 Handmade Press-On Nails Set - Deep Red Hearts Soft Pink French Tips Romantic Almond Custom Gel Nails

-=-=-=-=-

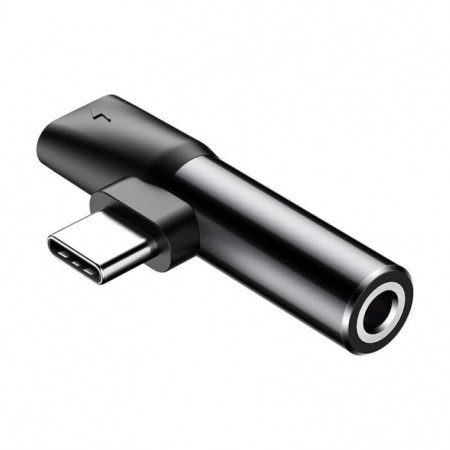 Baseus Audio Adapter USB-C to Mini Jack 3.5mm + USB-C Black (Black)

-=-=-=-=-

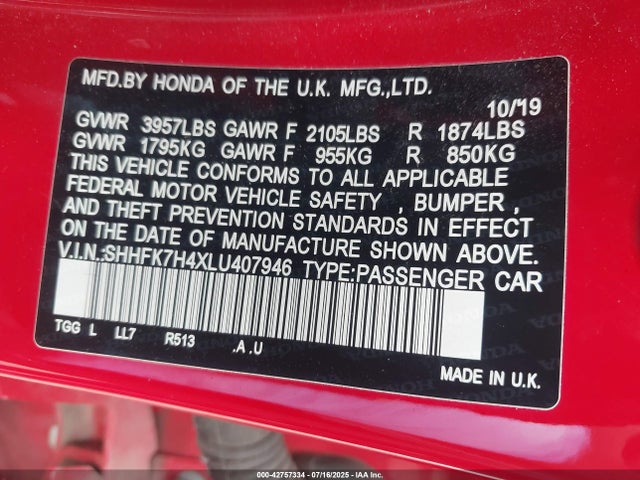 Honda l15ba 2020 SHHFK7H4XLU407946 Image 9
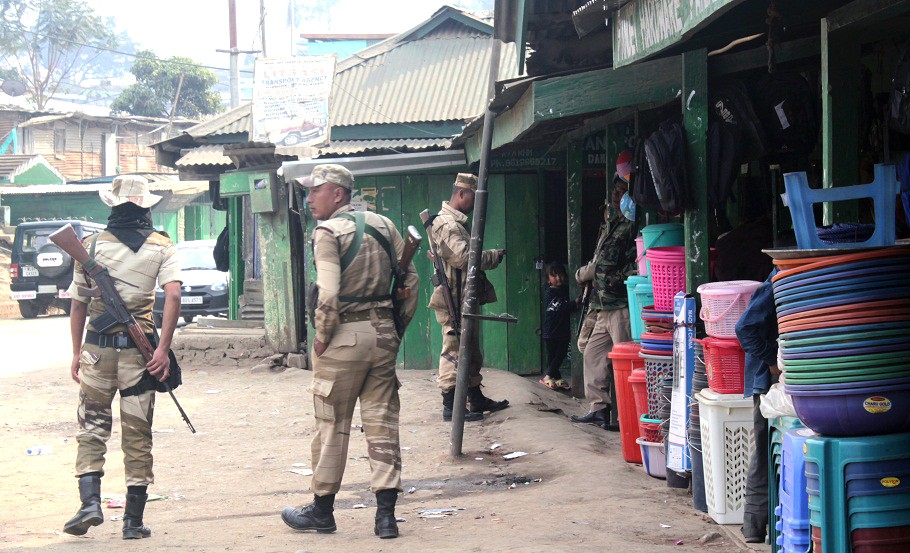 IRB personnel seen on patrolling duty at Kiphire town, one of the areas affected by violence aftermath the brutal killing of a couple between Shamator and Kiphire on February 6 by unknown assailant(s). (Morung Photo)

-=-=-=-=-

When you reach the line holding "Honda l15ba 2020 SHHFK7H4XLU407946 Image 9" in the listing above, begin retyping exactly, and stop once the line holding "IRB personnel seen" is done; pictures stay out.

* _Response_:
 Honda l15ba 2020 SHHFK7H4XLU407946 Image 9
 IRB personnel seen on patrolling duty at Kiphire town, one of the areas affected by violence aftermath the brutal killing of a couple between Shamator and Kiphire on February 6 by unknown assailant(s). (Morung Photo)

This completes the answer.